● TASK DIRECTIONS: Ignore the pictures in the data below and set down exactly the lines from its first line through the line containing "Tech-Protect C20W 2-port".

-- RECORDS follows --

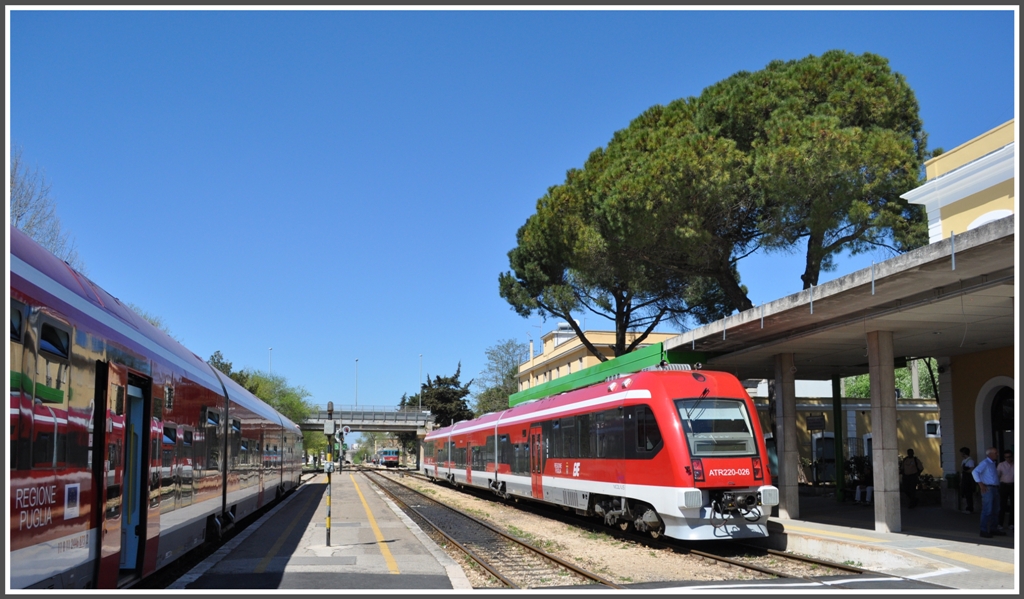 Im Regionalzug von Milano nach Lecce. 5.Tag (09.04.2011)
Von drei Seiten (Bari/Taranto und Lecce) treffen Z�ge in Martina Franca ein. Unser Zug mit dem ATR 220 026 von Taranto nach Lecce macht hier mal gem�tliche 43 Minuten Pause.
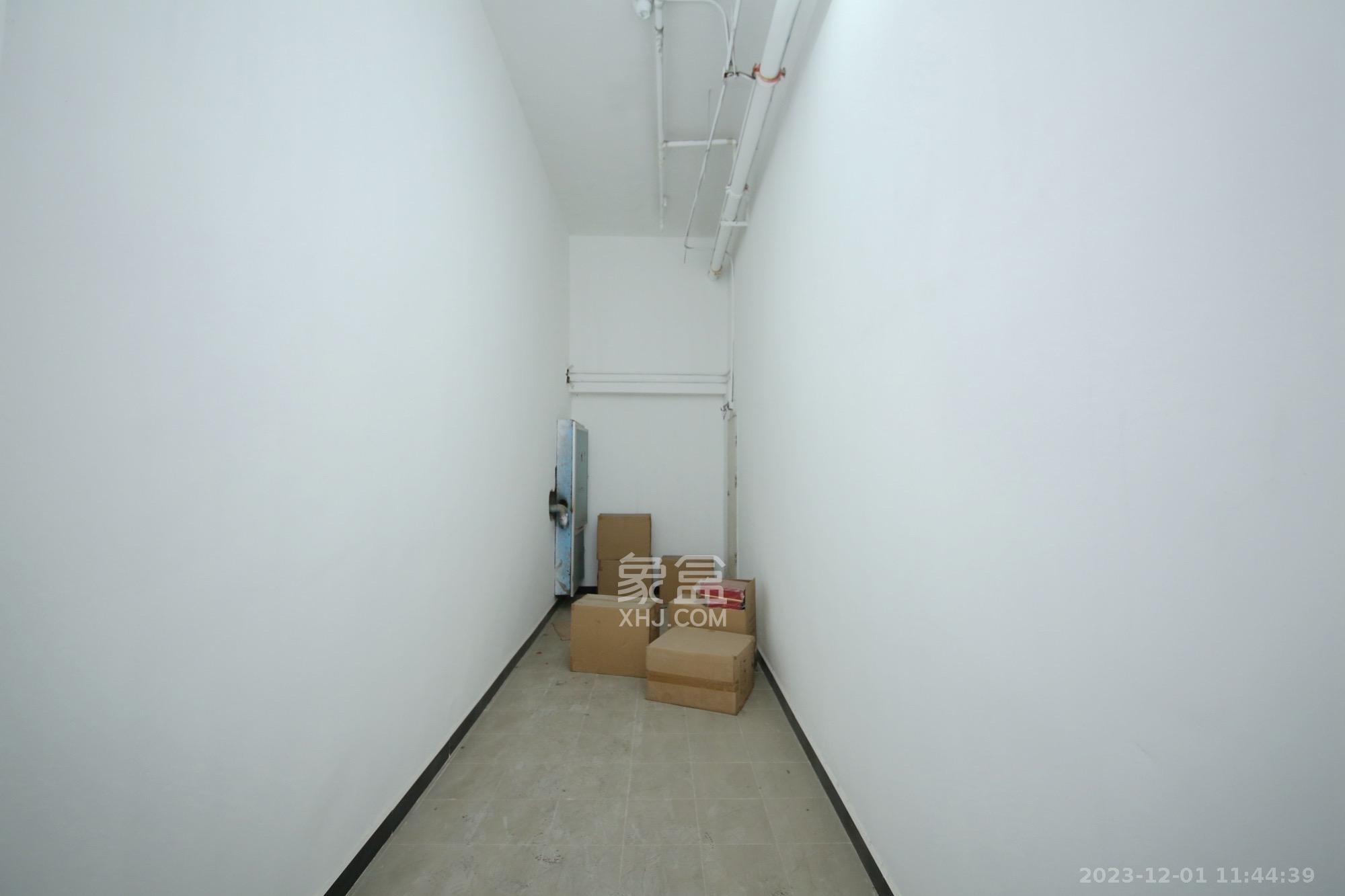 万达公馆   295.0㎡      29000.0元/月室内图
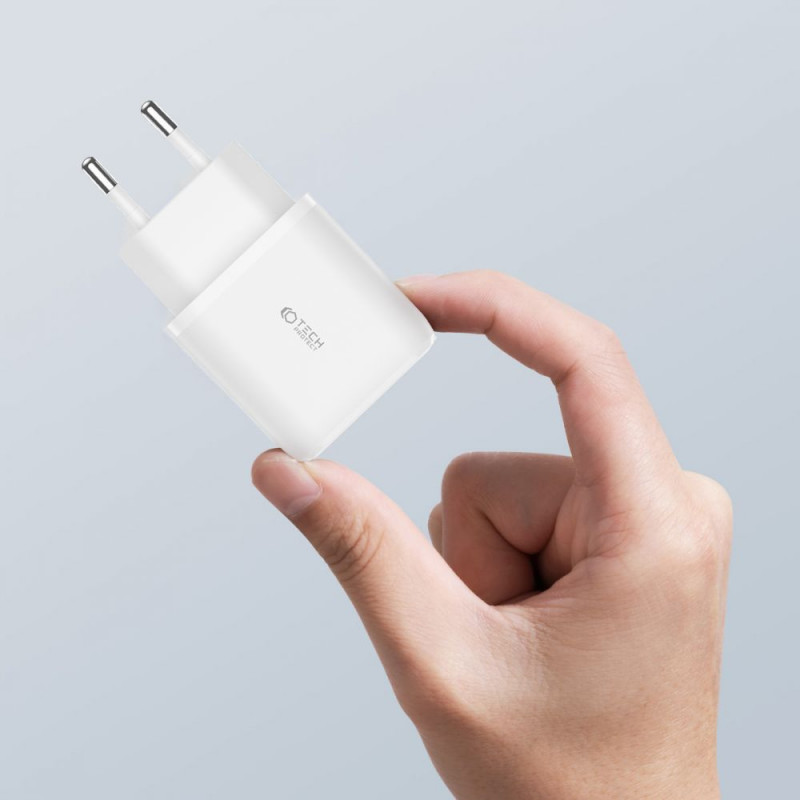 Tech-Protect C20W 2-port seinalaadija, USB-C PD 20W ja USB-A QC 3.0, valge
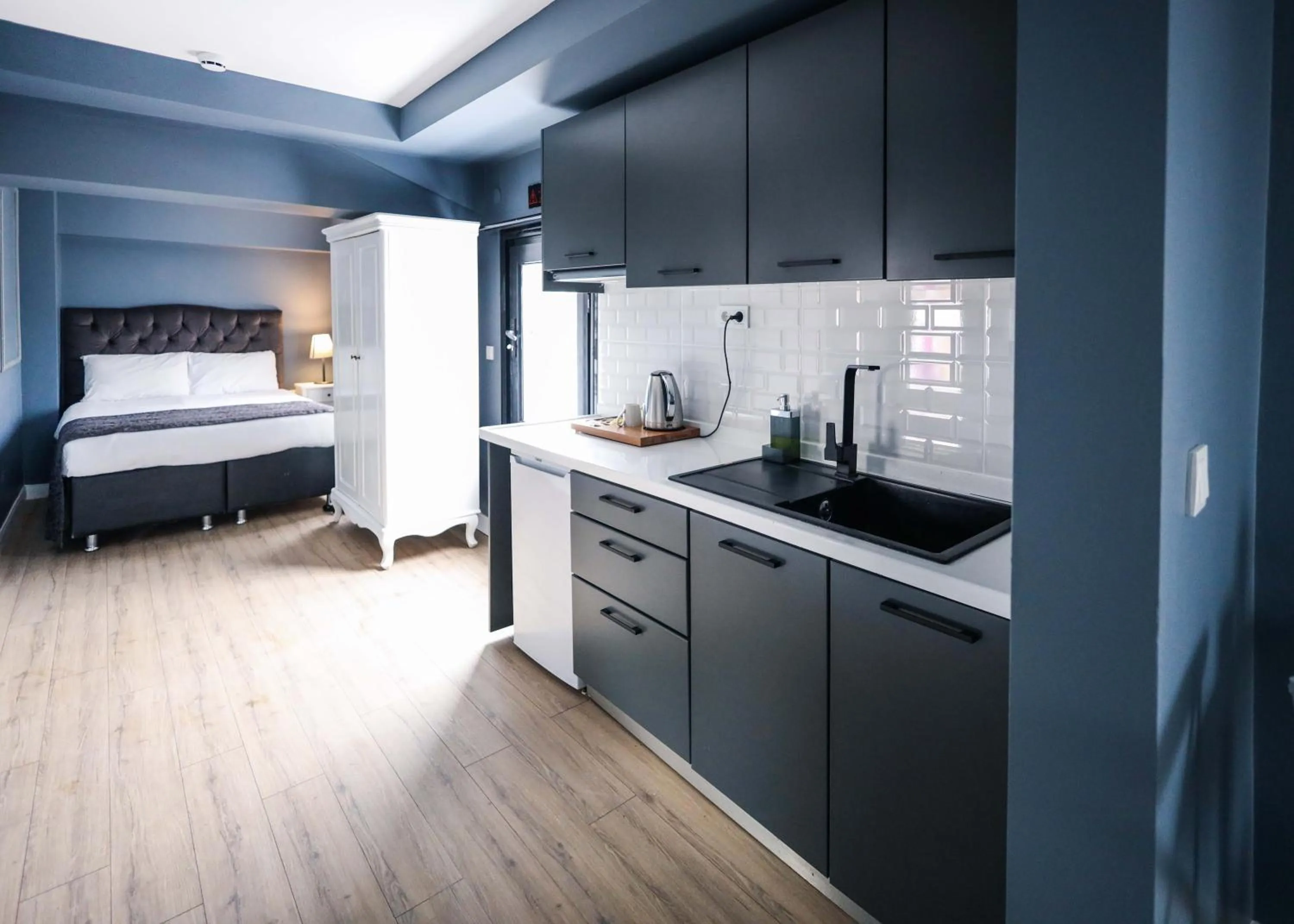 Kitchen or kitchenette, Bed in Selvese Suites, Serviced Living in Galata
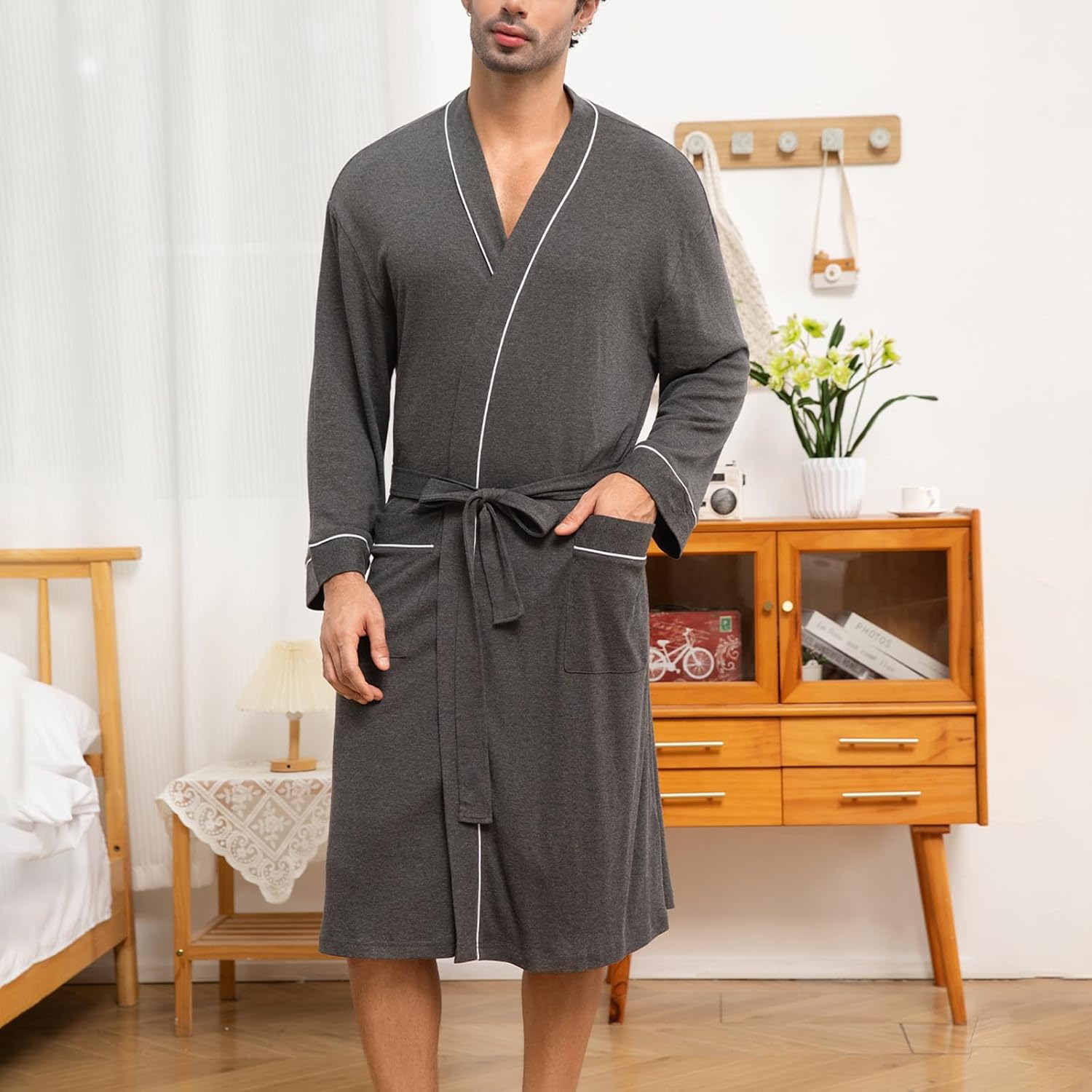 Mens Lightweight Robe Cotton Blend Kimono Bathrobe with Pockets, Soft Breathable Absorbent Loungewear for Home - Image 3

-- RECORDS concluded --

● RESULT FOR THIS TASK:
 Im Regionalzug von Milano nach Lecce. 5.Tag (09.04.2011)
Von drei Seiten (Bari/Taranto und Lecce) treffen Z�ge in Martina Franca ein. Unser Zug mit dem ATR 220 026 von Taranto nach Lecce macht hier mal gem�tliche 43 Minuten Pause.
 万达公馆   295.0㎡      29000.0元/月室内图
 Tech-Protect C20W 2-port seinalaadija, USB-C PD 20W ja USB-A QC 3.0, valge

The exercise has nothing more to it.